* **Data**:

-- -- --

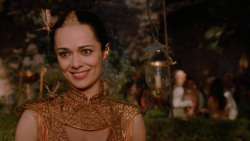 extant_GameOfThrones_2x05-TheGhostOfHarrenhal_3484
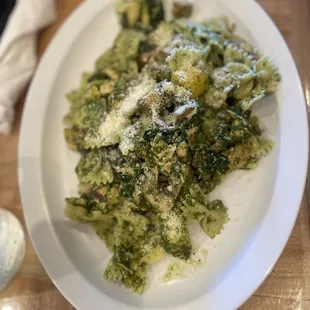 Pesto pasta with veggies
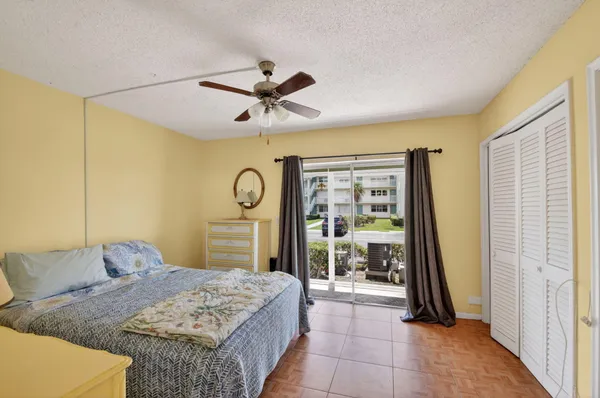$140,000 | 370 Horizon Street East, Boynton Beach, FL 33435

-- -- --

* **Work task**: Please return only the lines running from the line with "Pesto pasta with veggies" to the final line of the data, both included, exactly and without any pictures.

* **Answer to this problem**:
 Pesto pasta with veggies
$140,000 | 370 Horizon Street East, Boynton Beach, FL 33435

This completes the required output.